**ABOUT THIS TASK**
For the material below, return exactly the lines starting at the line containing "ネイビーのアシンメトリープリーツタイトドレス | Dorry doll | M" and ending at the line containing "Toyota Hilux 2.5 D-4D 4X4 SRX 2012 White", both ends included, and no others.

**STUDY MATERIAL**

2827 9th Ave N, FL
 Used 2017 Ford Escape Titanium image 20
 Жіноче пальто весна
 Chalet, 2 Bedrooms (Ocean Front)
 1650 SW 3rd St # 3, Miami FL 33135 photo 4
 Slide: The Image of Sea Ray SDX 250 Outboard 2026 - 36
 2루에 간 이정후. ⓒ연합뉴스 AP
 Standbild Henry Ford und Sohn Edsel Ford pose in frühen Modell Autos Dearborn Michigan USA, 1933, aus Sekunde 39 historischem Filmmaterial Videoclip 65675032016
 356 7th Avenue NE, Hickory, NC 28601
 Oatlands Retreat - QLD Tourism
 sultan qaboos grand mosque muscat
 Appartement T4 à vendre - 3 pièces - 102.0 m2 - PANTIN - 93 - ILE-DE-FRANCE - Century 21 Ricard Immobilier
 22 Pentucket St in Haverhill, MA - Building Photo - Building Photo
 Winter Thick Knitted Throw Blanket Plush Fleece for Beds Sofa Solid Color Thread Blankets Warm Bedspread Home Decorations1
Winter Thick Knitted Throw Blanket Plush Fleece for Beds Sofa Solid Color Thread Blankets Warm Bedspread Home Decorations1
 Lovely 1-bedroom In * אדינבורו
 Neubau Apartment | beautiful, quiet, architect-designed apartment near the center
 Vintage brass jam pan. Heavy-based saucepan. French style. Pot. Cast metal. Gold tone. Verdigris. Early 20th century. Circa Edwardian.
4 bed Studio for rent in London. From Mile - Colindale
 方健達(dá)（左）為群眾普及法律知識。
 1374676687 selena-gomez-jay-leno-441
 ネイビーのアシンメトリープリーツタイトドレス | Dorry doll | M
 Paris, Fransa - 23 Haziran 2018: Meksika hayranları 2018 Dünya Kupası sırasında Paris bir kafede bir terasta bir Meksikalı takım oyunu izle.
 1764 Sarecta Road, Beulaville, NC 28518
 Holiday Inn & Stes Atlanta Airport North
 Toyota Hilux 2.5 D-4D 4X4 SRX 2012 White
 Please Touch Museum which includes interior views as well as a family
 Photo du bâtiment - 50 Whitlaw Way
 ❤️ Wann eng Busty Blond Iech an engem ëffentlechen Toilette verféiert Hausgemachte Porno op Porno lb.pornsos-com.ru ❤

**THE ANSWER**
 ネイビーのアシンメトリープリーツタイトドレス | Dorry doll | M
 Paris, Fransa - 23 Haziran 2018: Meksika hayranları 2018 Dünya Kupası sırasında Paris bir kafede bir terasta bir Meksikalı takım oyunu izle.
 1764 Sarecta Road, Beulaville, NC 28518
 Holiday Inn & Stes Atlanta Airport North
 Toyota Hilux 2.5 D-4D 4X4 SRX 2012 White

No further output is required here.